Trump Admins' 401(k) Private Equity Experiment Picks Up Speed, But Retirement Advisors Worried About The Risk
Retirement savers are getting a new window into private markets, but a fresh debate has begun brewing over whether the asset class belongs in everyday 401(k)s.
What Happened: BlackRock, in late June, said it plans to launch target-date funds that include private equity and private credit as soon as 2026, with allocations that scale from roughly 5% to 20% depending on investor age, a shift it says can improve outcomes in professionally managed portfolios. Empower, one of the largest 401(k) providers, announced in May that it will offer access to private investments in some workplace plans this year.

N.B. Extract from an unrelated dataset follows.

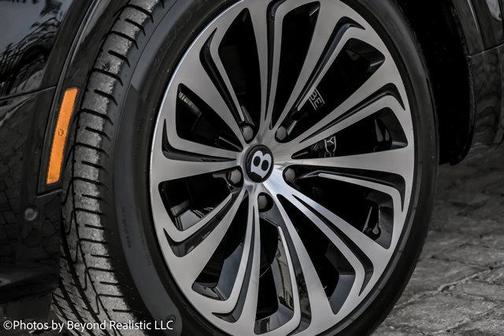 2023 Bentley Bentayga Hybrid V6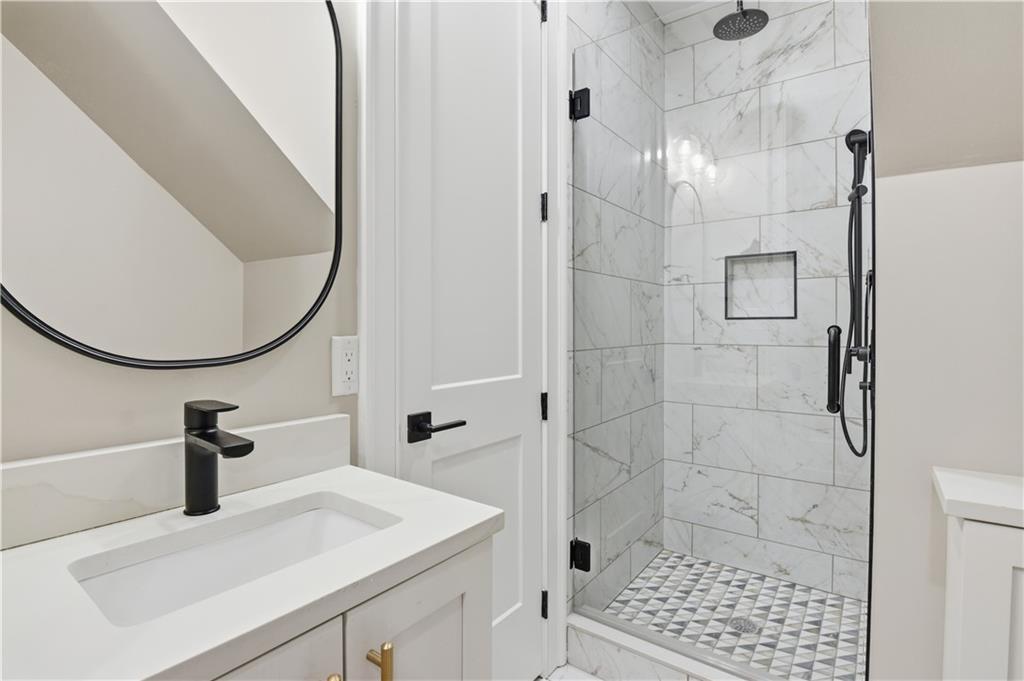 3683 Memphis Drive Property Photo 14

According to a July report, the Trump administration is expected to sign an executive order soon directing federal agencies to guide employers on adding private assets and possibly crypto to 401(k) menus, a move private-fund managers have long sought.
Wealthy investors and endowments favor private equity for its potential to diversify portfolios and outperform public markets over long periods. Between 2000 and 2020, private equity delivered average annual returns of about 10.5%, topping major stock indexes over that span, according to Investopedia. BlackRock argues that carefully designed private-market exposure could modestly boost target-date performance.
Why It Matters: But financial planners warn that what works for institutions can be too risky for 401(k) savers. Private funds are illiquid, charge higher fees and disclose less than public companies, making valuations and risks harder to assess.
“These are private companies, and with that comes less transparency,” said retirement planning adviser Robert Brokamp in a statement shared with USA Today, adding that target-date wrappers may not erase the underlying complexities. “Private equity is riskier than public equity… more speculative in nature,” Investopedia’s Caleb Silver said, cautioning that everyday savers should keep any private exposure small.
Sen. Elizabeth Warren (D-Mass.) in mid-July challenged Empower’s decision to offer private equity as an investment option in workplace retirement plans. Empower CEO Ed Murphy defended the move, likening it to the introduction of 401(k) plans decades ago and emphasizing the importance of making private markets more accessible.